During the nine months ended September 30, 1999, the Partnership's cash used for
investing activities totaled $93,000, which includes $296,000 of net cash
proceeds from sale of land and $389,000 cash used for additions to real estate.
The Partnership received net cash proceeds of $296,000 from the January 1999
sale of approximately 17 acres of land, referred to as Perris land, for
$334,800. The Partnership added the sale proceeds to its operating cash
reserves, pending distribution to the Limited Partners in November 1999. The
$260,000, or 9%, decrease in land held for sale at September 30, 1999, compared
to December 31, 1998, is due primarily to this sale.
The Partnership invested, by way of improvements, approximately $337,000 in
rental properties, $12,000 in land held for development and $40,000 in land held
for sale.
Financing Activities
During the nine months ended September 30, 1999, the Partnership made a total of
$125,000 in principal payments on its four notes payable.
During the nine months ended September 30, 1999, a total of 2 limited
partnership units ("Units") were redeemed for approximately $1,000.
Asset Sale and Dissolution Proposal
The Partnership's business strategy has been to focus on the eventual
disposition of its assets at the optimal time and sales price. As discussed in
Note 1 of the Notes to Consolidated Financial Statements, a Consent Solicitation
Statement (the "Solicitation") was sent to the holders of limited partnership
units ("Unitholders") on July 6, 1999 . The Solicitation (incorporated by
reference to the Schedule 14A - Preliminary Proxy Statement filed with the
United States Securities and Exchange Commission ("Commission") in the second
quarter of 1999), discussed the General Partner's proposal to sell all of the
Partnership's real estate assets ("Asset Sale") and liquidate the Partnership
thereafter ("Dissolution Proposal"). The Partnership's properties consist of ten
rental properties and approximately 23 acres of unimproved land in the Tri-City
Corporate Centre in San Bernardino, California (the "Tri-City Properties") and
an aggregate of approximately 27 acres of unimproved land in Lake Elsinore and
Temecula, California (the "Remaining Properties"). The General Partner currently
intends to sell all of the Partnership's properties within six months after
consent has been obtained, distribute the proceeds and liquidate the Partnership
Page 13 of 21
<PAGE>
after all of the properties are sold and the cash proceeds thereof received. The
General Partner does not expect the Dissolution to occur until at least early
2000 (and potentially not until 2001) as some of the properties may be sold with
the purchase price payable on an installment basis.
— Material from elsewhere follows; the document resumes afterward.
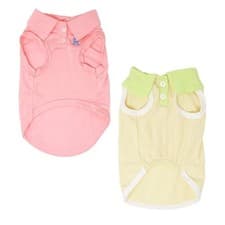Image of MILASIC Dog Summer Outing Wear Set of 2 Medium Polo Shirts Cool Design Washable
As of August 25, 1999, the expiration of the voting period, 76,765 Units were
outstanding. Of the total Units outstanding, 61,429 Unitholders, or 80%, have
voted ("Units Voted") and no response was received from the remaining 20%. A
final tabulation of the results of the Solicitation was made on August 25, 1999,
with 54,010 Unitholders, or 88%, of the Units Voted in favor, 5,783 Unitholders,
or 9%, against and 1,636 Unitholders, or 3%, abstaining.
Subsequent to obtaining the consent of the majority of the Unitholders, the
General Partner grouped the Tri-City Properties into two or more packages of
properties (such as separate packages of retail properties, office properties
and unimproved land) and included properties in the Tri-City Corporate Centre
which are owned by Rancon Realty Fund V ("Fund V"), a partnership also sponsored
by the General Partner. Bidders for any package of properties containing
Tri-City Properties and Fund V properties will be required to specify how their
overall bid is allocated among the individual properties in the package, and the
proceeds and expenses from the sales of any such package will be apportioned
between the Partnership and Fund V based upon such allocation. The General
Partner hired an independent real estate firm to market the properties and to
prepare marketing materials and informational brochures. The informational
brochures were presented to a number of prospective buyers and as of the end of
September 1999, the General Partner had received 39 signed confidentiality
agreements requesting offering memorandums. The General Partner is currently
assessing all offers on the properties in an effort to achieve the highest
possible sales price and return value for the properties. The General Partner
currently intends to close the bidding process by the end of November 1999. The
Remaining Properties will not be sold with the Tri-City Properties, but will be
sold in a single or multiple sales.
The Partnership has not, as of the date of the filing of this Quarterly Report
on Form 10-Q with the Commission, entered into any agreement for the sale of its
Tri-City Properties, although the Partnership has, in 1997, granted to
Glenborough Realty Trust Incorporated, a Maryland corporation ("GLB"), a right
to match offers for the purchase of the Partnership's properties ("GLB Matching
Right"). GLB is not an affiliate of the Partnership.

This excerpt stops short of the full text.